For awhile I’ve been putting off this post because it forces me to do something Americans hate and Germans love or, at the very least, Germans don’t mind: Talking about going to the bathroom. Who am I kidding? Germans love talking about it! They even write kids books about it involving cuddly woodland creatures! Meanwhile, Americans never poop.

Photo thanks Peter Hammer Verlag

I will admit that us prudish Americans are a bit too prude about something that affects everyone, every day, but Germans could also cool it a bit. And it starts with the very way they tell people their intention to visit a bathroom: In German, you say, “Excuse me, I am going to go on the toilet. (Entschuldige, ich muss aufs Klo)” Just writing that gives me the heebee jeebees. Every time I hear it I’m forced to picture whoever said it ON THE TOILET. Gross!

“TMI,” I think when I hear it.

Of course, since both men and women sit down to pee in Germany, it’s always accurate, and we all know how important accuracy is in German-speaking regions. Incidentally, my post about Sitzpinkeln, or men sitting to pee, goes viral again every few months, proving the world thinks it’s weird (though I now agree that men the world over should adopt the practice).

In any case, I’ve always preferred the euphimistic English version: “I’m going to the bathroom.” It leaves open what you might be doing in there – sure, you could be going on the toilet like a German, but you could also be using your phone to check you bank balance or filing your nails. Maybe you’ve even got a model train setup in there and you just want to switch engines. I don’t know! And I don’t want to know!

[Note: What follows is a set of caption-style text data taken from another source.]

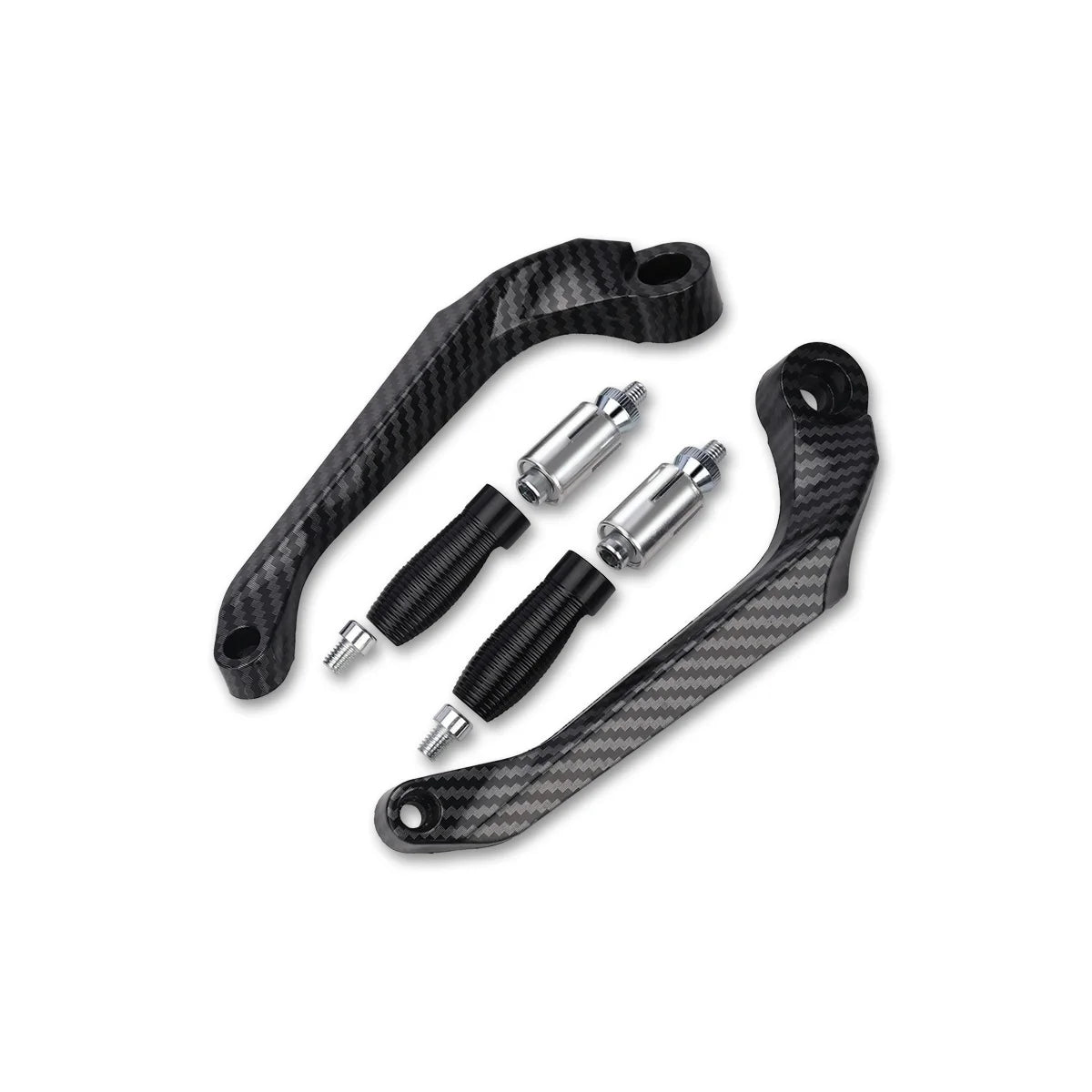 Motorcycle Brake Clutch Lever Hand Guard Protector &ndash; Durable Carbon Black Design 2pcs Black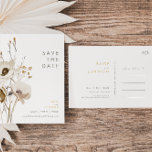 Whimsical Wildflower Save the Date Briefkaart<br><div class="desc">Deze Whimsical Wildflower is de datum-briefkaart die perfect is voor je eenvoudige, elegante boho bruiloft. De minimalistische waterverf wilde bloemen helpen je visie tot leven te brengen! Het ontwerp van witte en goudbloemen, met een paarse en gele aanraking, is zeker om je minimale herfst florale trouwdroom te voltooien! Houd het...</div>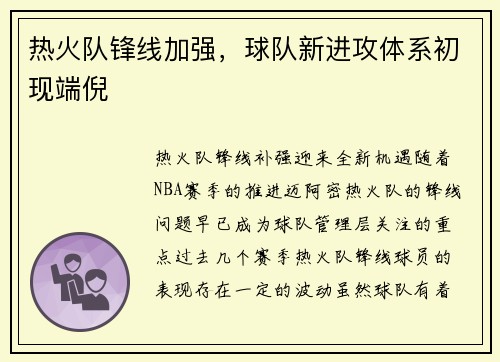 热火队锋线加强，球队新进攻体系初现端倪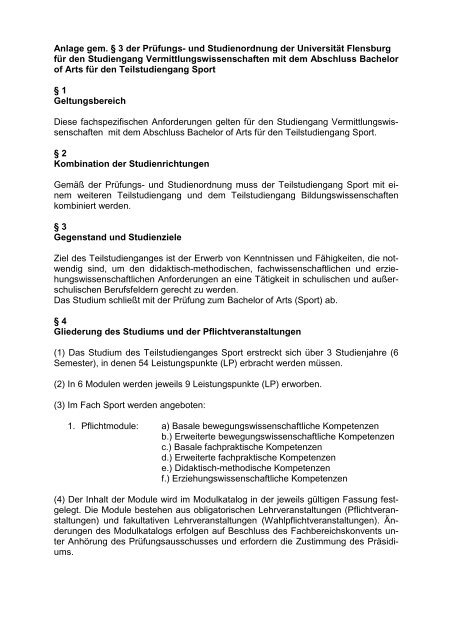 BA: Neue Prüfungsordnung - Universität Flensburg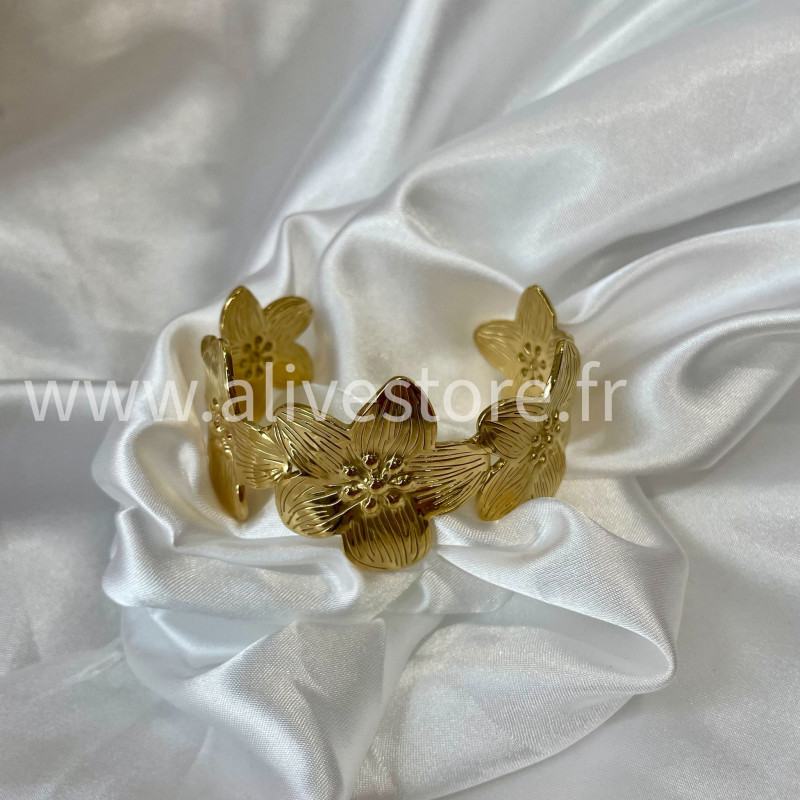 Bracelet fleurs doré acier inoxydable femme – Alive Store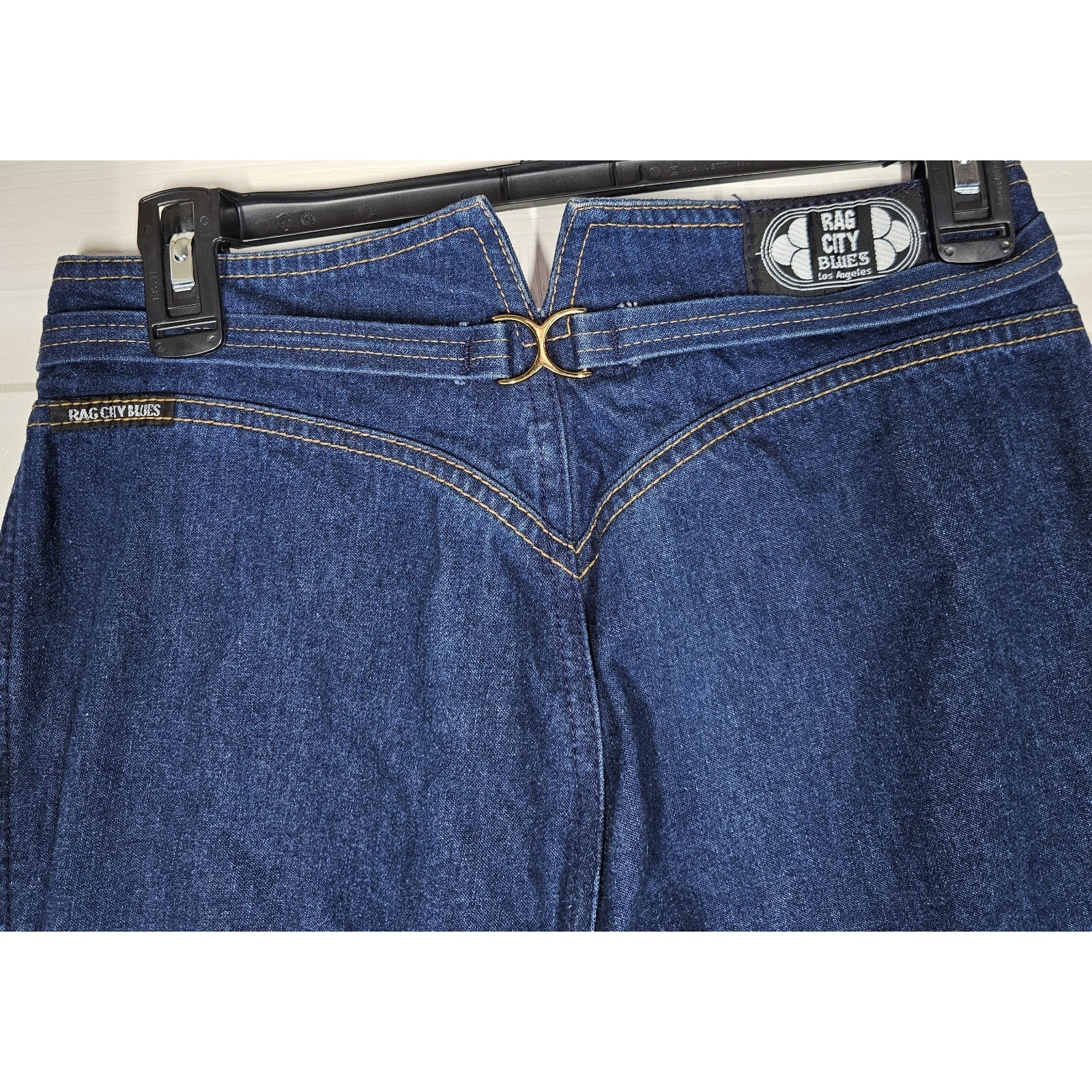 Vtg 80's Rag City Blues Jeans Bareback High-Rise Sz 31 Straight Leg Gold Buckle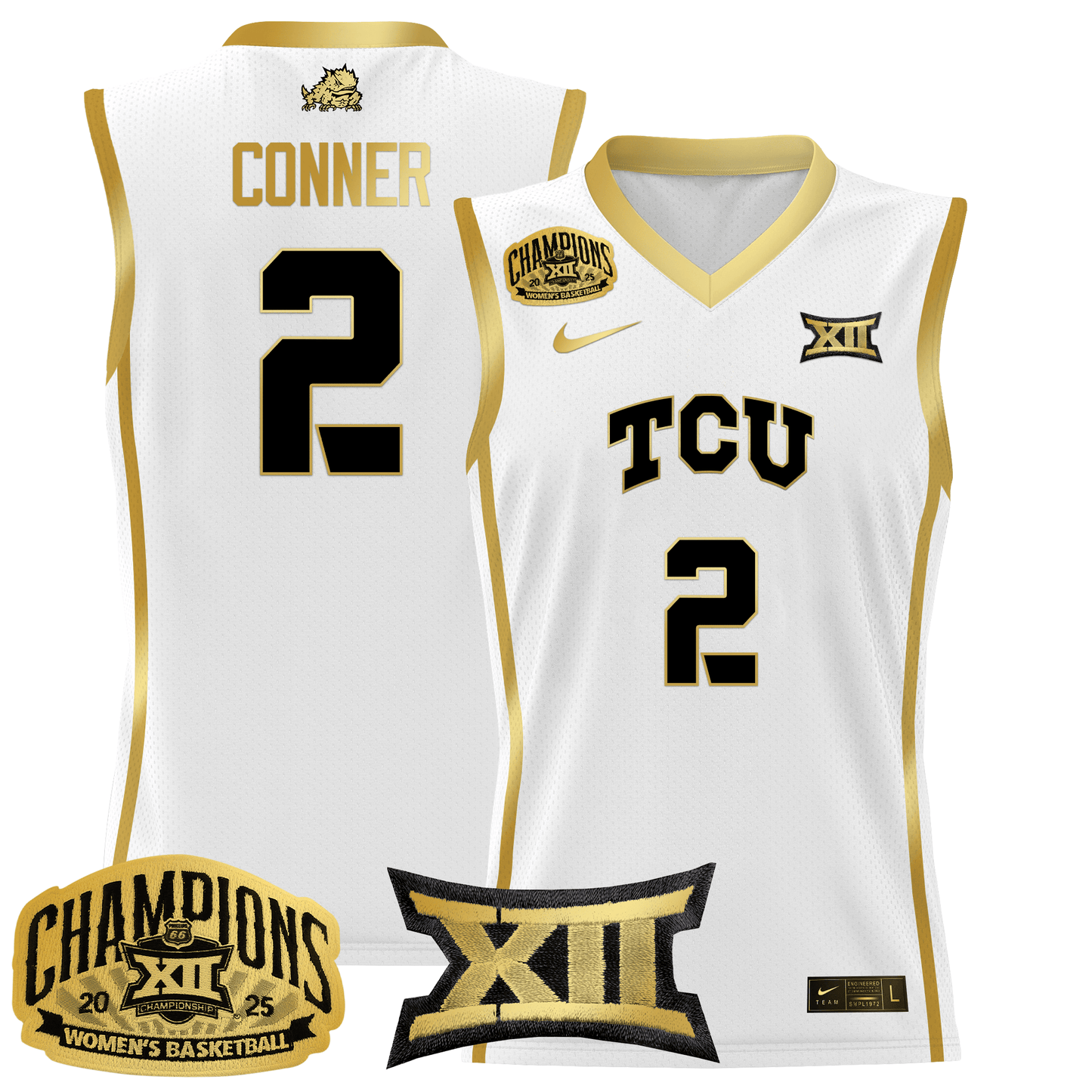 Men's Size - TCU Horned Frogs 2025 BIG 12 Women's Conference Tournament Champions Lightweight Basketball Jersey - All Stitched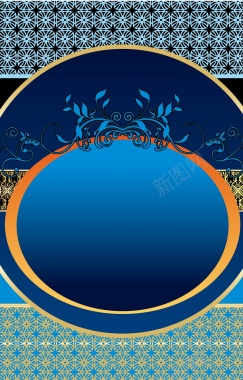 蓝色圆环上的花朵背景矢量图背景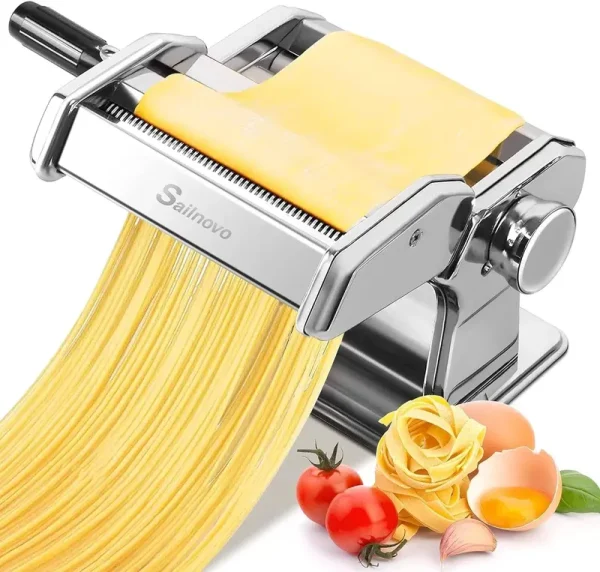 Sailnovo Pasta Maker Machine 150 Roller Pasta Maker 7 Adjustable Thickness Settings 2-in-1 Noodles Maker with Rollers and Cutter Perfect for Spaghetti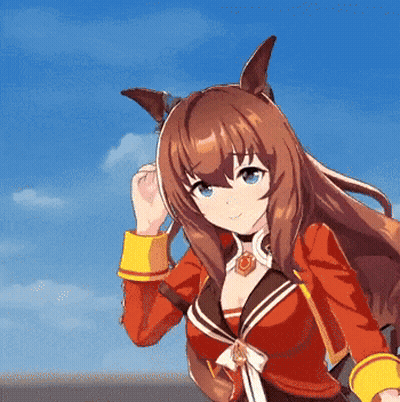 Girl With Long Brown Hair In Red Jacket And Yellow Cuffs GIF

Seriously now, please use the Klobürste

Next up, the Klobürste (toilet brush), the single biggest source of inner-office notes and memos in every German office I’ve worked in – permanent or temporary. German toilets are weird. Even though the dreaded shelf is disappearing, the new, water-in-the-bowl version is sometimes not so efficient, and people who have gone “on the toilet” leave, uh, marks. Users are expected to remove said marks with an often-unappetizing Klobürste positioned adjacent to the porcelain god. However, the anonymity of German public and office toilets often makes people lazy, leading them to eschew the use of the Klobürste and leave their marks for the next visitor to witness. Office busybodies jump into action any time this occurs and hang up passive-aggressive, tsk, tsk-ing notes about using the Klobürste. The problem is so prevalent that companies even offer commercial versions for permanent affixation to toilet walls.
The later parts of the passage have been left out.